"I can pretty much guarantee to you that if BioShock wasn't successful, there never would have been another game like this," Levine told Eurogamer.
"I don't even know how we convinced people to pay for BioShock. These games had never made any money—everybody told us when we were pitching BioShock, sounds like a great idea, you'll sell 150,000 units—next!"
Levine added that his team aimed to popularize the gameplay emphasized in BioShock, which featured first-person shooting blended with role-playing and customization elements. BioShock predecessor System Shock 2 (PC) employed those elements to a much greater degree, but failed to reach commercial sales expectations.
"How many of these type of games do you think are going to be made now, compared to how many were going to be made before?" Levine asked. "How many people had played these kind of games before? 300,000, 400,000—maybe? Now millions of people, because of this game, have played this type of game."

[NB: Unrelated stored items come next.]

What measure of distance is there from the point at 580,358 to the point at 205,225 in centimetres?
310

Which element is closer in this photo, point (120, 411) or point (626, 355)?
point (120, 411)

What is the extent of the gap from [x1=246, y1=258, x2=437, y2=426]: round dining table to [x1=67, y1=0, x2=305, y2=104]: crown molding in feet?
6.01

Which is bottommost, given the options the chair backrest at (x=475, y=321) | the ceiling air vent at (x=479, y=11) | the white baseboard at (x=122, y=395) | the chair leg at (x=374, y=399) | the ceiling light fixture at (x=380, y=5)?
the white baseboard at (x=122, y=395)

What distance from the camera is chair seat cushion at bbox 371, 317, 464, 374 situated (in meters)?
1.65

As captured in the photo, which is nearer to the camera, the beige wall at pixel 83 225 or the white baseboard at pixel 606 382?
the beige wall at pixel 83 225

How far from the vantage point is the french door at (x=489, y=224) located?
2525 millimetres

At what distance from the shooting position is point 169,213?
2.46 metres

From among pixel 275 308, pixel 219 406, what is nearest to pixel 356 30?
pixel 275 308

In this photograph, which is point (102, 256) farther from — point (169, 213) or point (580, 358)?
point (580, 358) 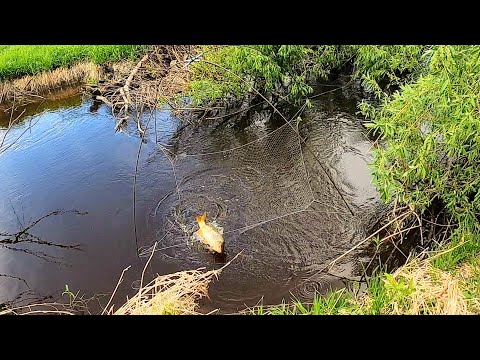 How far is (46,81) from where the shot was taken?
11.9m

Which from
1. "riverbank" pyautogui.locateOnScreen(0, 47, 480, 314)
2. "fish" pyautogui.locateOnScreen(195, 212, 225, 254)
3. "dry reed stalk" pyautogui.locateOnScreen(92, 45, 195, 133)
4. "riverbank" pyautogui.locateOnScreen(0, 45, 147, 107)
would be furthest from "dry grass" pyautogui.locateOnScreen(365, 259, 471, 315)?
"riverbank" pyautogui.locateOnScreen(0, 45, 147, 107)

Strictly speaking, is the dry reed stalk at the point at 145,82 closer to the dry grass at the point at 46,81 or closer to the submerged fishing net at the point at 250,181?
the dry grass at the point at 46,81

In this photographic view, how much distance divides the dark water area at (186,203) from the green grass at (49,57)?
8.69ft

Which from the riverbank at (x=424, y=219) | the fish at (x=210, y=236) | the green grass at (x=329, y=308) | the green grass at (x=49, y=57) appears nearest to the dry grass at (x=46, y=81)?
the green grass at (x=49, y=57)

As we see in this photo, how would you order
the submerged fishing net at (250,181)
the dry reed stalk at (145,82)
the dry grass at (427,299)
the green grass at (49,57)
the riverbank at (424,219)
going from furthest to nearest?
1. the green grass at (49,57)
2. the dry reed stalk at (145,82)
3. the submerged fishing net at (250,181)
4. the riverbank at (424,219)
5. the dry grass at (427,299)

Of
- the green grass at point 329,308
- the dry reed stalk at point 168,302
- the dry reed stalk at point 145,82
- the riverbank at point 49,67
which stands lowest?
the green grass at point 329,308

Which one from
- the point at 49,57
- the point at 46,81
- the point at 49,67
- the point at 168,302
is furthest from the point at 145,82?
the point at 168,302

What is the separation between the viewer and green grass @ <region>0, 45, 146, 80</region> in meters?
11.7

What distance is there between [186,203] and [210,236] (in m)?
1.36

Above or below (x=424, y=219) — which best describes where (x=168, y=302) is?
above

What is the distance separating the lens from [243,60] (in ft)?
30.1

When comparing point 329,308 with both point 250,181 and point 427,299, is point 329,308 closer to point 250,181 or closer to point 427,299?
point 427,299

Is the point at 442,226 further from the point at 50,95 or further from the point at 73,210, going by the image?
the point at 50,95

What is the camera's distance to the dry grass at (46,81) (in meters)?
11.5
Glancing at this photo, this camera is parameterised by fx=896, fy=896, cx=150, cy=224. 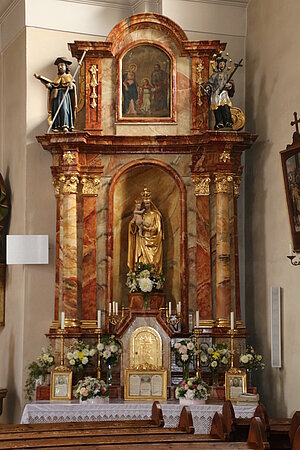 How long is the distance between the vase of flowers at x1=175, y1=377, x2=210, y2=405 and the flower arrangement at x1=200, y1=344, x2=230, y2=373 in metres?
0.60

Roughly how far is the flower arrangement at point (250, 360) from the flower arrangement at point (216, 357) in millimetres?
218

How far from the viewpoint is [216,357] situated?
39.2 feet

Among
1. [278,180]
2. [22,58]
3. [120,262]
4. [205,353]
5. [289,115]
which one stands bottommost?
[205,353]

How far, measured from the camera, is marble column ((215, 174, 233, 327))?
12.4 m

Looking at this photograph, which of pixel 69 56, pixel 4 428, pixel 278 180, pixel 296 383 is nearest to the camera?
pixel 4 428

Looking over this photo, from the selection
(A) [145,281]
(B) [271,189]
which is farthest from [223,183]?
(A) [145,281]

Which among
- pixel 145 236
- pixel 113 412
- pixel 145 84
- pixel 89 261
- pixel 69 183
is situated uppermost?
pixel 145 84

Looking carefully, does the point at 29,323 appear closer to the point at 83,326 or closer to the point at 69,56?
the point at 83,326

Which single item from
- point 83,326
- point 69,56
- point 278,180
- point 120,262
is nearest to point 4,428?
point 83,326

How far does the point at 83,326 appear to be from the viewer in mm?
12492

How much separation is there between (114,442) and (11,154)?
7233 millimetres

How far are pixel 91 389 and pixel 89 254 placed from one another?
7.01ft

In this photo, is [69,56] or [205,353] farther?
[69,56]

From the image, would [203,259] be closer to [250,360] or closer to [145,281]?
[145,281] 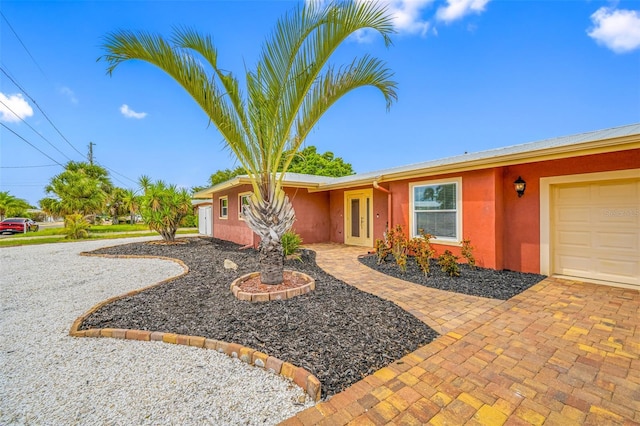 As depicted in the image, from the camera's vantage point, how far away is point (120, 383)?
7.48 feet

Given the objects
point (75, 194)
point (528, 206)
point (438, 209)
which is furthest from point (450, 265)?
point (75, 194)

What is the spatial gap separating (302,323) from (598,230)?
240 inches

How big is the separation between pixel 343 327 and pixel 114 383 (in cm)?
227

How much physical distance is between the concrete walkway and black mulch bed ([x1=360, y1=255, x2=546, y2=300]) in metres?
0.55

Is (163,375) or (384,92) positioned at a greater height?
(384,92)

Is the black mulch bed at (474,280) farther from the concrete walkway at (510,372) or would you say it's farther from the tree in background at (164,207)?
the tree in background at (164,207)

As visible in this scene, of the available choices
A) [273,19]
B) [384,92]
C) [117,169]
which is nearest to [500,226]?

The developer concluded that BioShock success will allow future titles to take greater risks in the genre, citing Westwood Studios' 1992 real-time strategy Dune II as a precursor to such modern RTS games as Relic Entertainment's Company of Heroes.
"Before, as great as System Shock 2 and Deus Ex were, nobody bought them. We wanted to crack that. I think now, the sky's the limit for how deep these games can go."
Following publisher Take-Two's announcement of a BioShock sequel, Levine has since revealed that he is 'not substantially' involved in the game's development, and is currently at work on a yet unannounced title.